Lewis Hamilton’s crusade for racial equality has helped him reach a new level as racing driver, sportsman and inspiration, according to his Mercedes team chief Toto Wolff.
After the six-time champion registered his record 156th podium finish at Sunday’s Spanish Grand Prix with his 88th career victory to move within three wins of Michael Schumacher’s record of 91, Wolff said he felt he was watching a man competing at another, higher level than all those around him.
He also saw in Hamilton, who leads this year’s title race by 37 points after winning four of this year’s six races, a racer motivated by history as he aims to draw level with Schumacher on seven championships.
“Lewis has always been at his best when fighting adversity and the Black Lives Matter movement is close to his heart,” said Wolff on Sunday evening. “So, it certainly helps him in terms of motivation.
“I am always impressed with how Lewis develops every season. He gets better, in terms of his personality and his driving — and that is really inspiring.
“As a man in his mid-thirties, he is able to show how you can develop as a personality, how you can improve your game and how you can have interests outside of motor racing that make you stronger.”
Hamilton, 35, is the only black driver in F1 and has made it clear that the fight against racism is more important than anything else adding that would make winning a seventh title for that reason his greatest achievement.
On Sunday, he again led the drivers in their pre-race anti-racism demonstration and, after winning by 24 seconds, pointed at the ‘Black Lives Matter’ message on his helmet.
“It is important to continue to push,” he said. “There are many, many companies here that have not held themselves accountable and there are a lot of people out there in the world who haven’t.
“In America, for example, there are still policemen living a normal life even though they killed an innocent individual,” he said. “There have been so many of them where nobody has been brought to justice. We have to continue to fight for that.”
As a racer, he demonstrated on Sunday that he is better than ever with a flawless master-class from pole to flag in searing heat, perfect tyre management and speed, just a week after Mercedes departed Silverstone blistered and beaten.
He admitted that beating Schumacher’s podium record was beyond his childhood dreams.
‘I was ecstatic’
“All of us drivers here grew up watching Michael and what is happening right now is far beyond what I dreamed as a kid. I’m incredibly grateful for the opportunity that I’m given every day.”
After winning, he said he did not realise he had completed the final lap, such was his level of concentration.

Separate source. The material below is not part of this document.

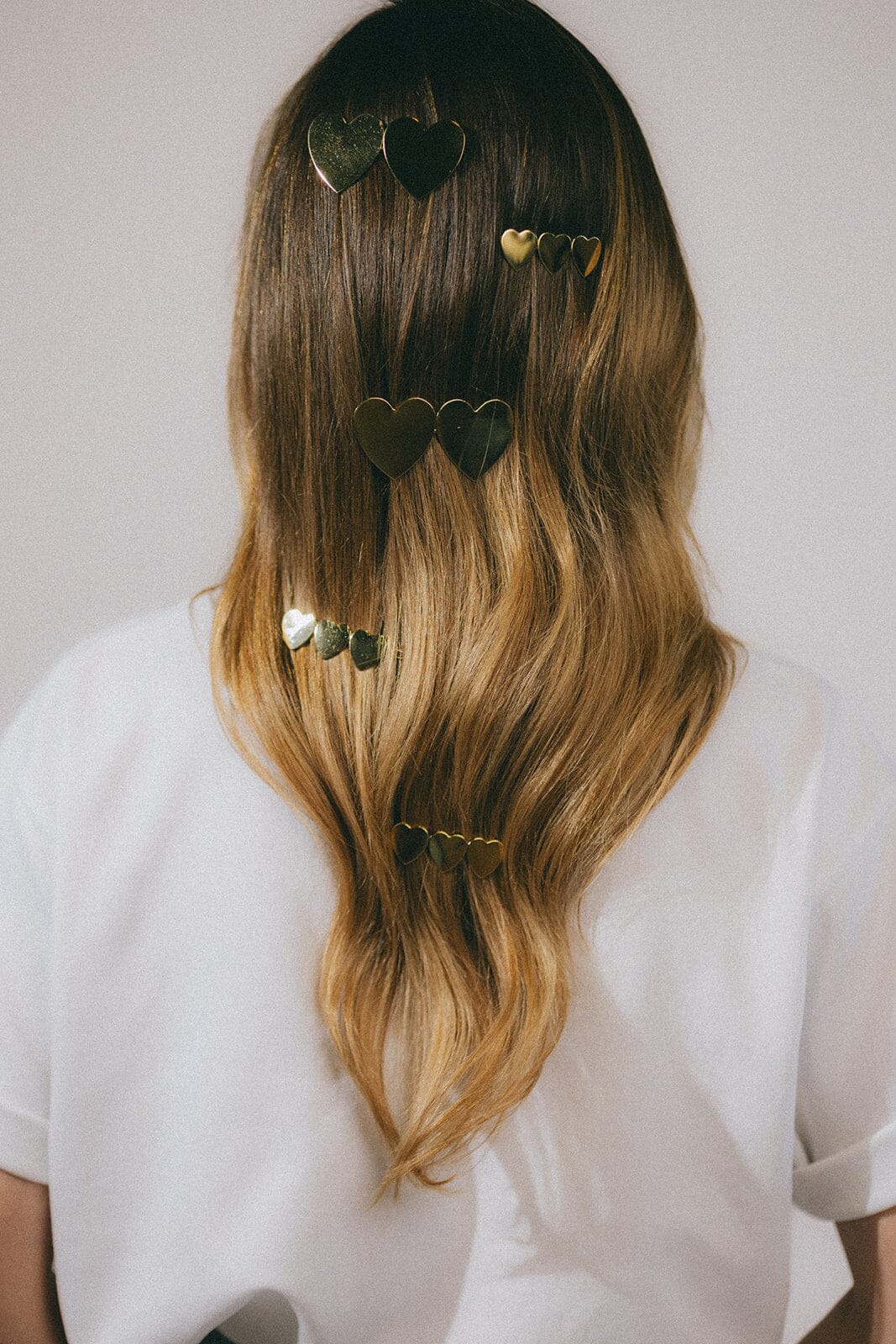 Barrette Aphrodite Or Coeurs Accessoires Monsieur Simone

“We all try for perfection and it’s not always easy to deliver like that, but today, for me in the car, I was ecstatic when I came across the line. I didn’t realise it was the last lap. I was still going. In my mind, I was like a horse with those blinkers on. I didn’t realise. I was going to keep going.”
He described his win as one of his best.
“I need to make sure is I really appreciate this moment because you never know when you’re going to have another like this.
“It’s easy, sometimes, just to forget just how amazing it is, where we are, what we’re doing — and so I’m definitely going to have a glass of wine tonight to celebrate.”
He will head to the seventh race in Belgium, where he has experienced mixed fortunes over the years, later this month knowing that another triumph and a win at Monza would set him up to equal Schumacher’s win tally at Mugello in Ferrari’s celebratory 1,000th F1 race.